CEZAEVLERİ BOŞALTILMALI

Alınması gereken bir çok önlem olduğunu dile getiren Kanat, İHD, TİHV, ÖHD, ÇHD, SES, Ceza İnfaz Sisteminde Sivil Toplum Derneği (CİSST) olmak üzere 6 kurumun yaptığı ortak açıklamaya dikkat çekerek, "Herkesin zorunlu ev hapsine maruz kaldığı bu süreçte yaklaşık 300 bin insanın bu şekilde kapatılmış olması kabul edilemez. Alınması gereken bir çok önlem var. Bu konuda çalışmaları öne çıkmış kurumların yaptığı ortak açıklama da acilen alınması gereken önlemler sıralanmıştır.

Yıllardır hasta mahpusların durumunu gündemde tutan kurumumuz İHD ile birlikte çok önemli talepleri içeren bu açıklama, özetle; ağır hasta olanlar başta olmak üzere, hasta mahpuslar, 60 yaş üzeri olan mahpuslar, hamile veya bebekli kadınlar, anneleriyle birlikte kalan 780 çocukla birlikte cezaevlerindeki tüm çocukların öncelikli olarak salıverilmesi talep ediliyor. Mevcut yükü kaldıramaz hale gelen cezaevleri Covid-19 salgını ile birlikte ağır risk haline geldiği için alınacak zorunlu sağlık ve hijyen önlemleri bir yana, hızla boşaltılmalı ve insanlar kendi evlerine, gerekli hallerde denetimli serbestlik koşulları işletilerek gönderilmelidir" şeklinde konuştu.

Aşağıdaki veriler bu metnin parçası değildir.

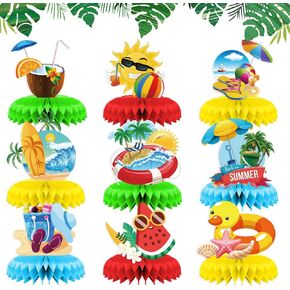 Summer Party Decorations Honeycomb Centerpiece for Hawaiian Luau Party Decorations, Beach Pool Honeycomb Centerpieces Watermelon Flamingo Paper Honeycomb for Baby Shower Birthday Party Supplies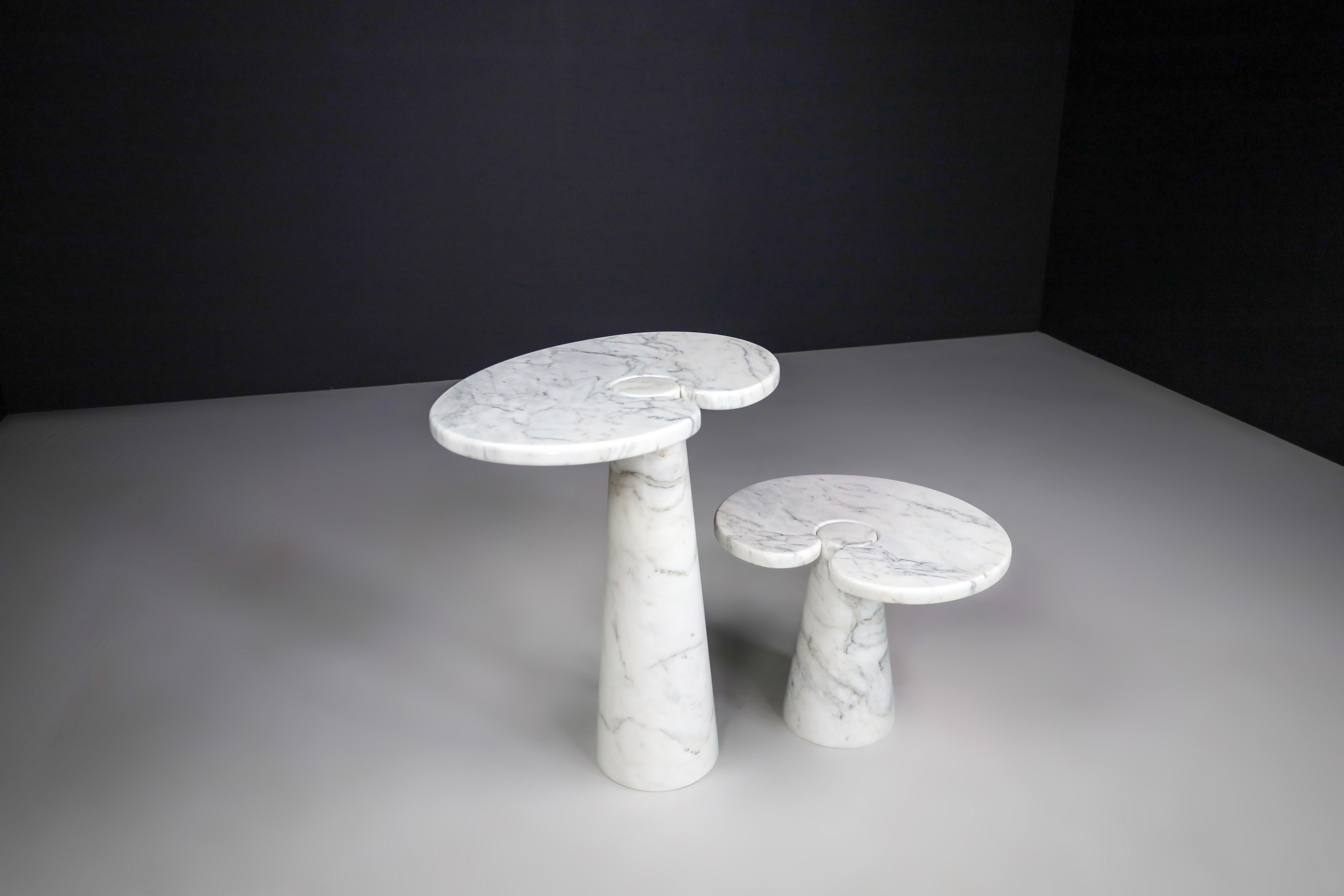 Late 20th Century White Carrara Marble Console Tables Model ''Eros'' by Angelo Mangiarotti Italy For Sale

TÜRKİYE'DE ÖLÜM SAYISI KATLANARAK ARTIYOR

Şu anda cezaevleri ile ilgili görüşmelerin sürdüğünü ve cezaevlerinde kısmen bir boşaltma hazırlığı olduğunu söyleyen İHD’li Kanat, "AKP bu konuda diğer siyasi partilerden de görüş alarak ilerleyeceğini duyurdu. İnfazda iyileştirme ve cezaevlerini kısmen boşaltma hazırlığı içinde olduğu görülüyor. Umut vazgeçmediğimiz ve vazgeçemediğimiz bir kavram. Ama umudu AKP’nin atacağı adımlara da bağlayamayız. Kimi maddeleri bu infaz çalışmasının dışında bırakmak başlı başına sorundur. ‘Kan kusturacağız’ diyenin vatan evladı, ‘yeter artık daha fazla kan dökülmesin’ diyenin hain ve terörist sayıldığı bir süreçte bu yaklaşım, anayasal eşitlik ve adalet kavramlarını rafa kaldıran ve sorun çözmeyen bir yaklaşımdır.

Adil, tüm kesimleri kapsayacak bir infaz çalışması zorunluluğu bir yana, Covid-19 salgını bu konuyu keyfi iktidar tasarrufuna bırakamayacak kadar önemlidir. Salgının daha önce başladığı ve yayılmaya devam ettiği koşullarda İran’da cezaevlerinin boşaltılması bir zorunluluk olmakla birlikte yetersizdi. Türkiye’de daha geç başlamasına rağmen katlanarak artan vaka ve ölüm sayısı ile atılacak bu adımlar kaçınılmaz olmuştur. Dileğimiz bu adımın adalet, eşitlik ve hakkaniyet ilkelerini dışlamayan bir adım olması ve bir an önce atılmasıdır."